When developing a data product, it makes sense to start testing data as soon as it goes into production. Examples could be testing the daily set of transactions that came in, or the distribution of predictions we’ve made across all segments. It’s vital that the data is clean and as expected, to ensure the integrity of your data product.
Why should you test data products once they are put into production?
Just like in software development, developers test because it is necessary to spot bugs and their underlying causes early as they tend to lead to crashes. Clearly bugs that cause your systems to crash aren’t a good thing but at least they signal that something is wrong. In software development these bugs are easily detectable.
In data product development, testing is even more crucial for a multitude of reasons. Many factors force data to change constantly. The people that cause these changes are frequently in different parts of the organisation and they don't necessarily always assess the impact on the data value chain when making changes to the operational systems. Furthermore, data issues are often silent. A machine learning model or algorithm, for example, will continue to work, even if some of its inputs are off. It can take weeks, months or even years to spot an issue so it’s crucial you detect anomalies as soon as possible. Keeping in mind data lakes & new data warehouses can become very complex, which means manually testing is no longer the only option to prevent data lakes from becoming data swamps.
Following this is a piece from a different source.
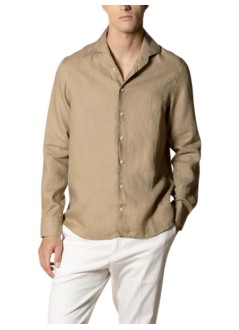 aurélien camiseria hombre linen seaside popover shirt - 020250602060000 dark taupe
When should you start testing your data?
The answer here is short and sweet, as soon as possible. This means introducing a culture change into your teams that starts with creating transparency on errors and data deficiencies. We definitely recommend to start testing your first data product, after every build or change you make (even if your product is a report!). Your data products will break when they are not monitored. Knowing why they break is crucial for further data product development. On a more technical level, it’s recommended to test after each step in the pipeline, as well as in between the different pipelines.
Who should be involved in data quality testing?
Historically, it has always been the engineering team and because of their rather limited data domain knowledge, they focussed on operational metrics. Experience has shown that testing data without domain knowledge is quite useless, as many high-impact issues will be hidden in the dataset. We therefore recommend to always include Data SMEs in the testing of the source data that goes into all your data products.
Data product development teams can and should apply some of the best-practices that have been developed in software engineering and data management over the last decades. Data issues often go unnoticed for a while (silent errors) and have a high impact on product quality. Most data products won’t even break so issues go unnoticed for a while, resulting in poor product quality and days/weeks of clean-up work. Nobody wants to be a data janitor, so start testing your data products today!